• **Action item**:
Reproduce exactly only the lines from the line that holds "2026 Nissan Frontier Crew Cab SV 4x4" to the line that holds "Turnmill Apartment London", inclusive, in the listing below, and please leave out every picture.

• **Extracted material**:
□ □ □ □ □
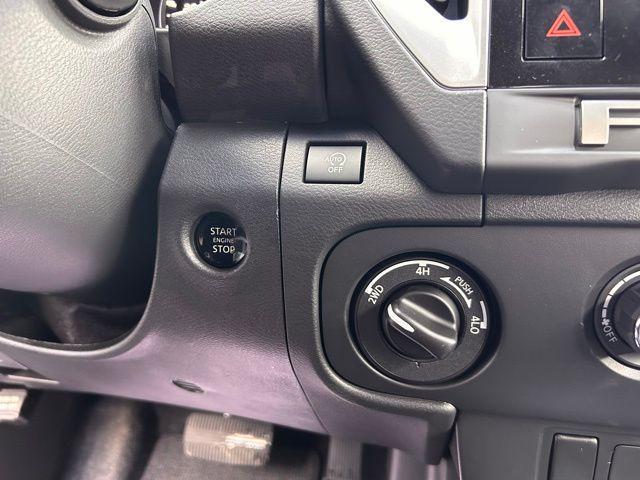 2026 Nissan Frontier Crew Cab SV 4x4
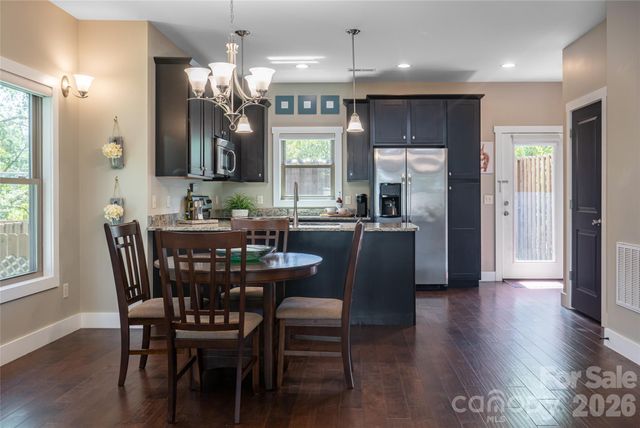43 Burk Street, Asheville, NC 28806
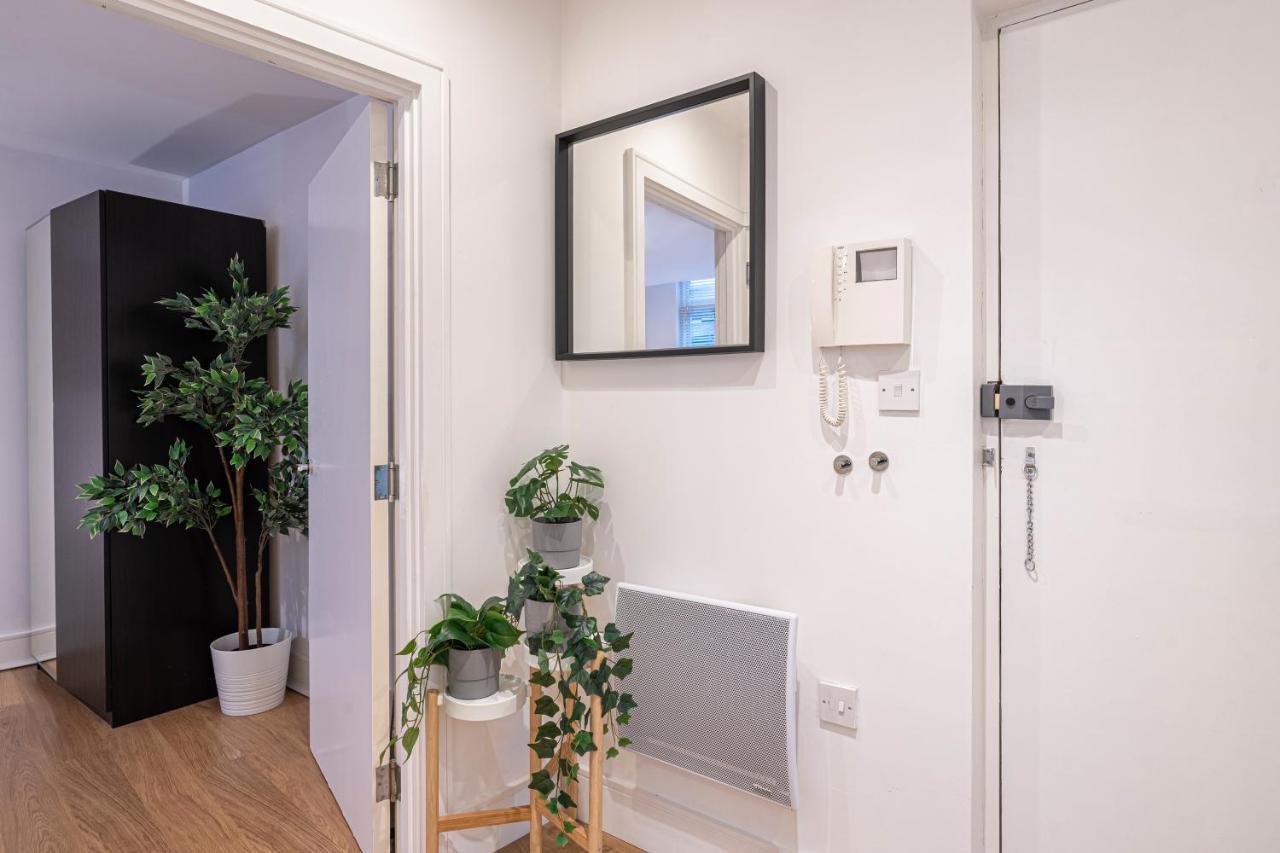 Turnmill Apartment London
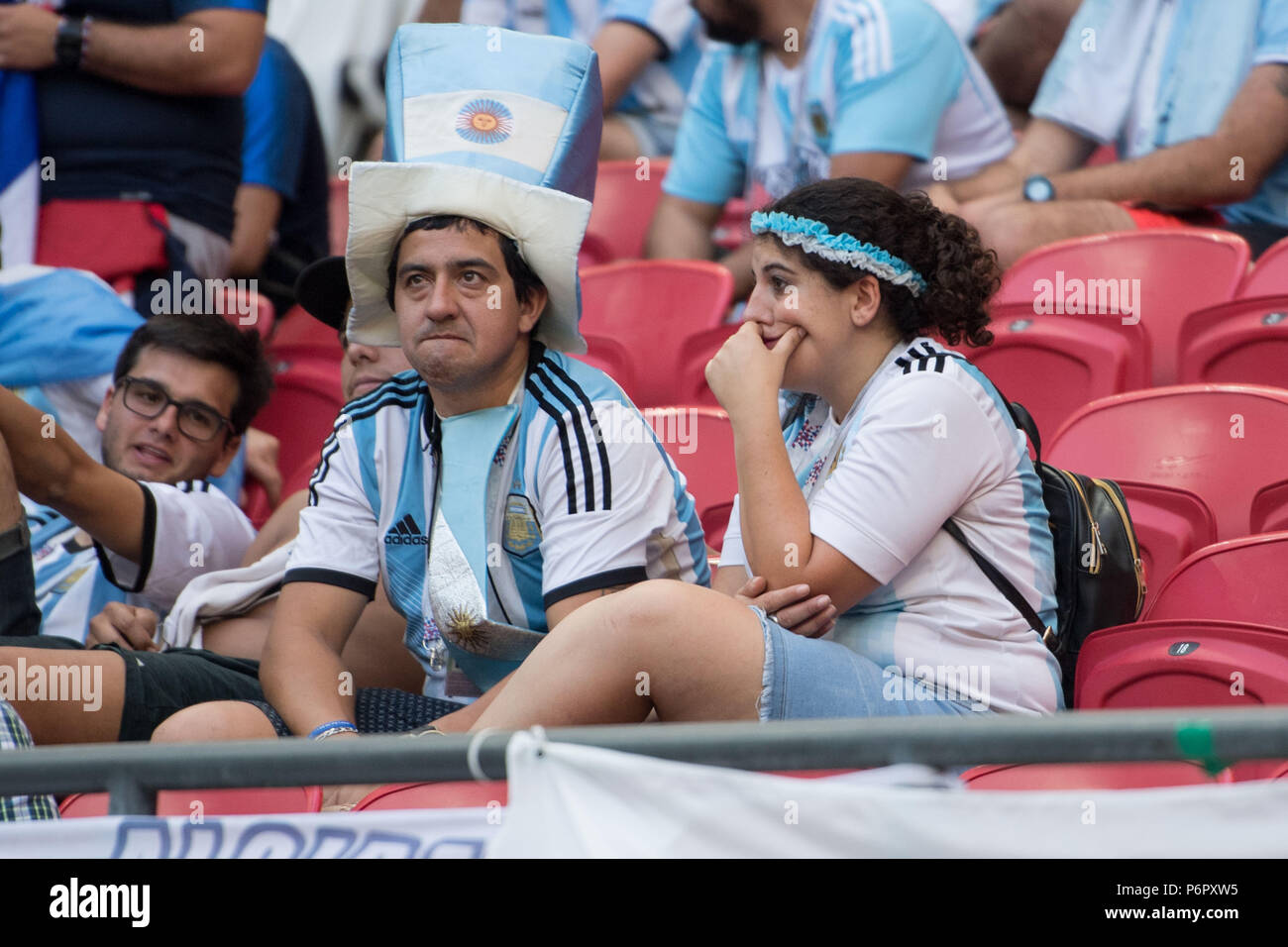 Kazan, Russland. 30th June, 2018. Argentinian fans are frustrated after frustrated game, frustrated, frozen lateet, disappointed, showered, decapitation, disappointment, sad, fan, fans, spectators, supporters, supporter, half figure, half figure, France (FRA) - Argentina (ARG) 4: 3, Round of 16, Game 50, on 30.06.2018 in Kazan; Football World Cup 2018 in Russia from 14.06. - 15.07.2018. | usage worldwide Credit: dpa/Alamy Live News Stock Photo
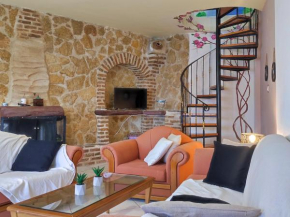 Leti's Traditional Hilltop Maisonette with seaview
□ □ □ □ □
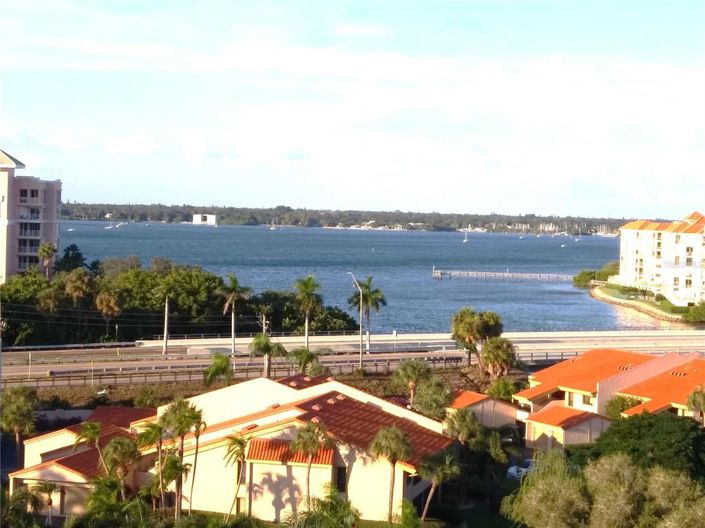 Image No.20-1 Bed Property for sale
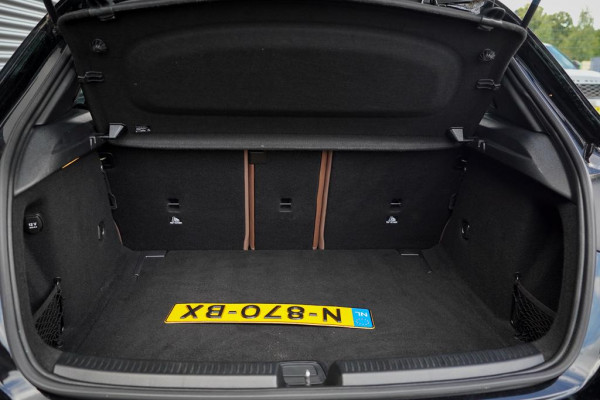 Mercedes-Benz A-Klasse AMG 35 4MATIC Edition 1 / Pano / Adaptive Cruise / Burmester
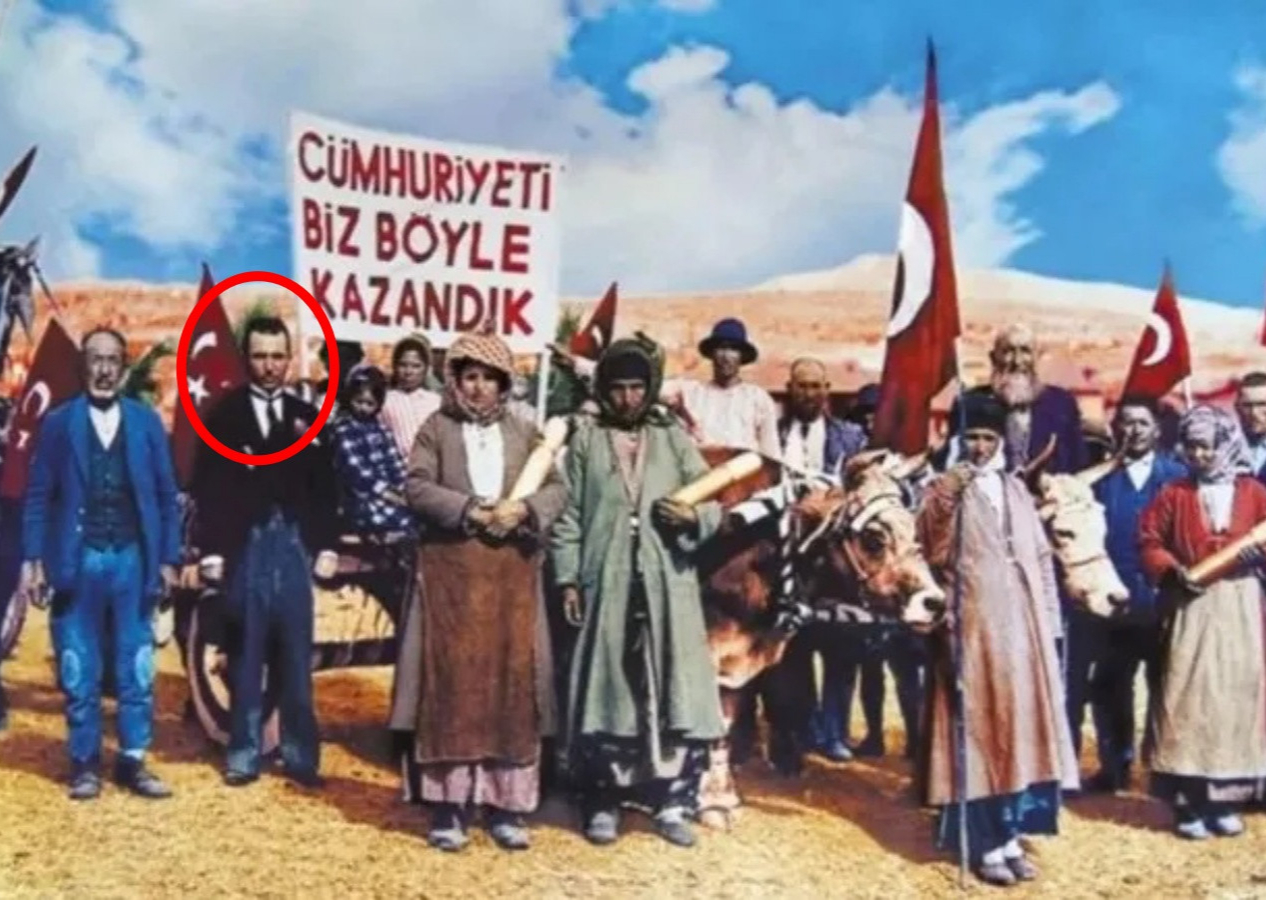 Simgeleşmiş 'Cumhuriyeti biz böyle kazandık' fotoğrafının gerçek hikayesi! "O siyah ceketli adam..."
□ □ □ □ □
• **Result of this task**:
 2026 Nissan Frontier Crew Cab SV 4x4
43 Burk Street, Asheville, NC 28806
 Turnmill Apartment London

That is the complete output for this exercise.